### Task data

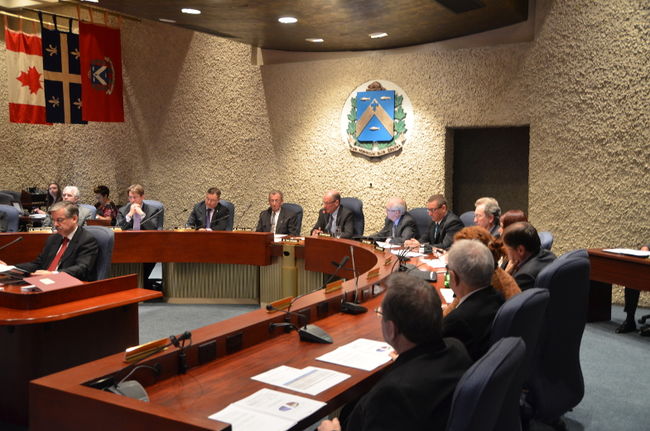 Malgré une hausse de taxes de 2,6% et l'augmentation du poids de la dette sur le budget 2014, celui-ci a été adopté sans opposition de la part des conseillers municipaux. 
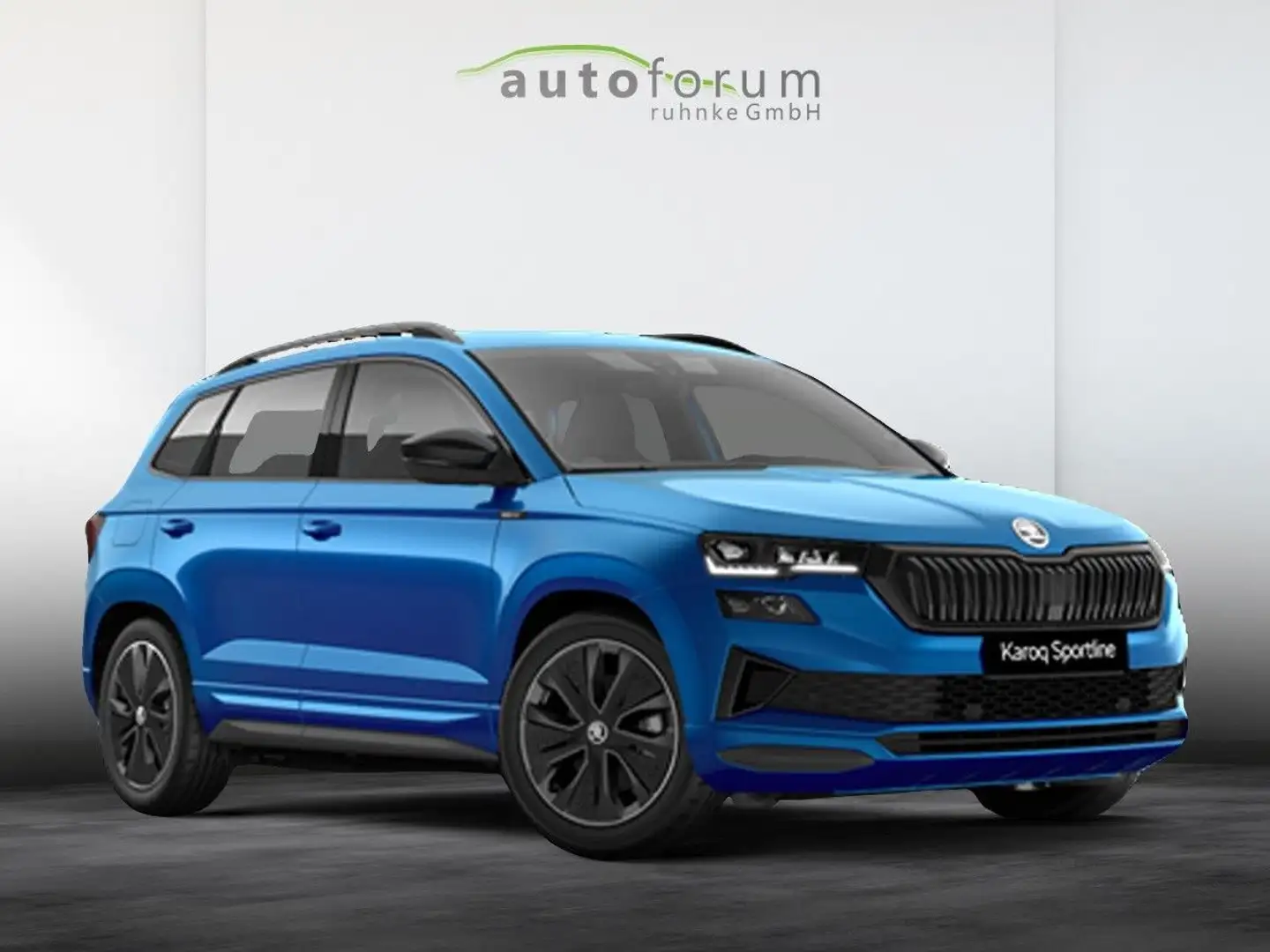 Skoda Karoq 1.5l TSI ACT DSG Sportline Blauw - 1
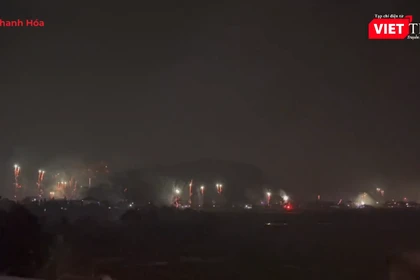 Pháo hoa rực rỡ đón Tết Bính Ngọ 2026 tại vùng quê, chào kỷ nguyên mới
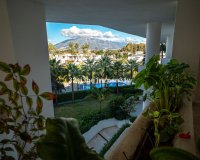 Resale - apartment - Marbella - Guadalmina Baja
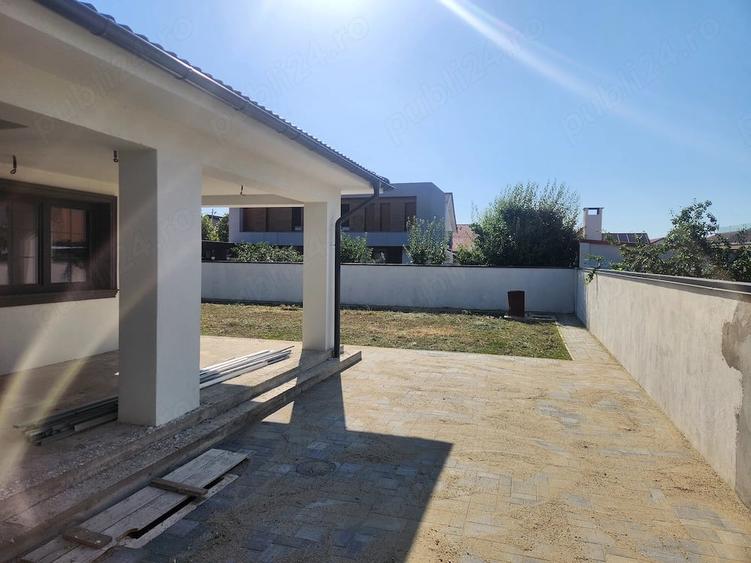 Casă cu Teren 633 Mp în Vladimirescu
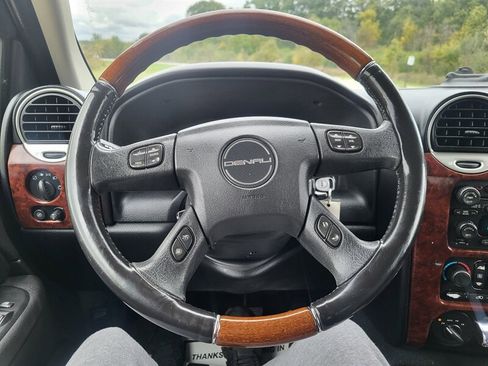 Used 2007 GMC Envoy Denali image 9
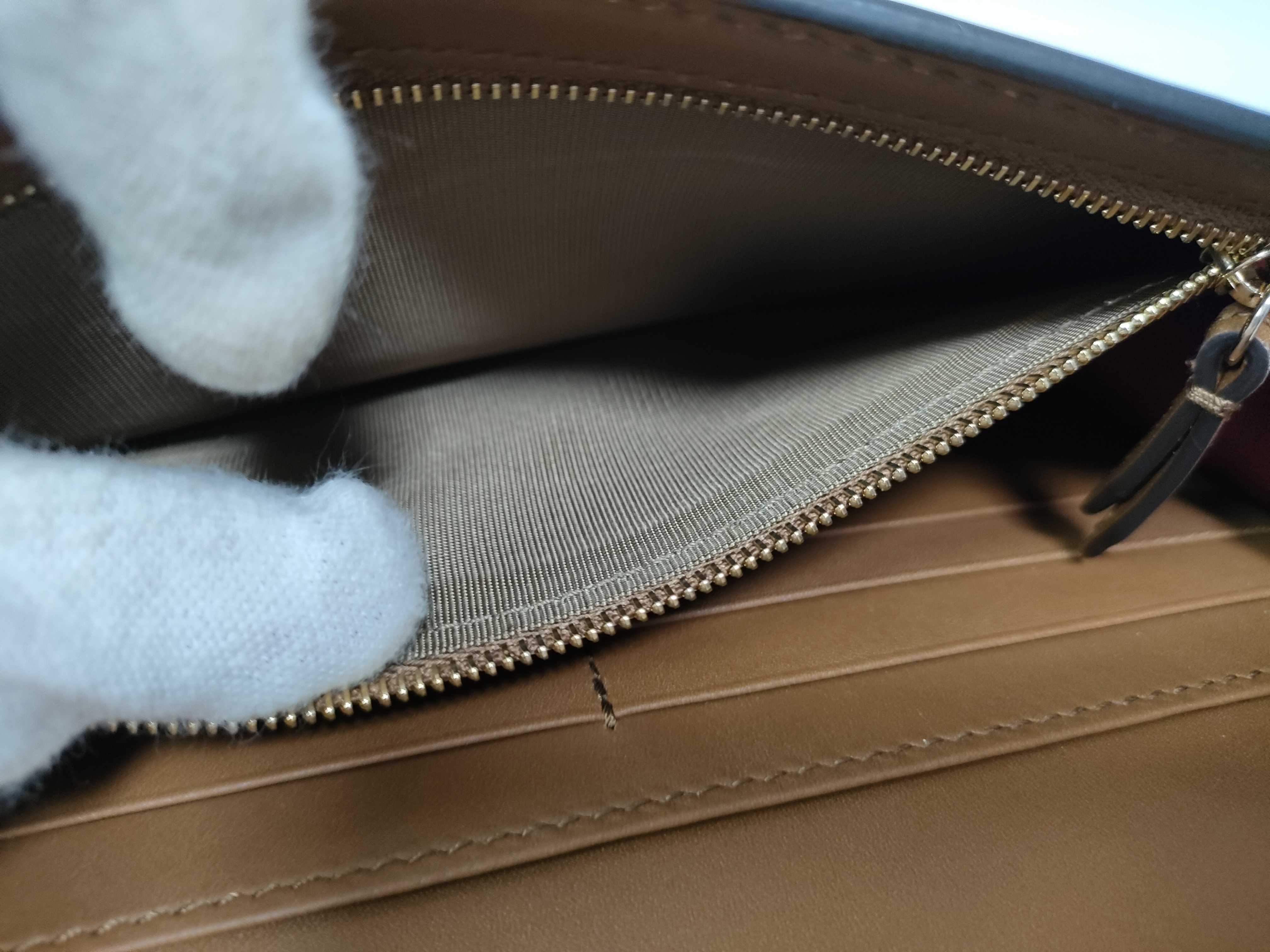 GG Supreme GG Emblem Shoulder Bag — view 12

### How to complete this task
All records above need to be returned exactly. Omit the pictures.

### Answer to this task
 Malgré une hausse de taxes de 2,6% et l'augmentation du poids de la dette sur le budget 2014, celui-ci a été adopté sans opposition de la part des conseillers municipaux. 
 Skoda Karoq 1.5l TSI ACT DSG Sportline Blauw - 1
 Pháo hoa rực rỡ đón Tết Bính Ngọ 2026 tại vùng quê, chào kỷ nguyên mới
 Resale - apartment - Marbella - Guadalmina Baja
 Casă cu Teren 633 Mp în Vladimirescu
 Used 2007 GMC Envoy Denali image 9
 GG Supreme GG Emblem Shoulder Bag — view 12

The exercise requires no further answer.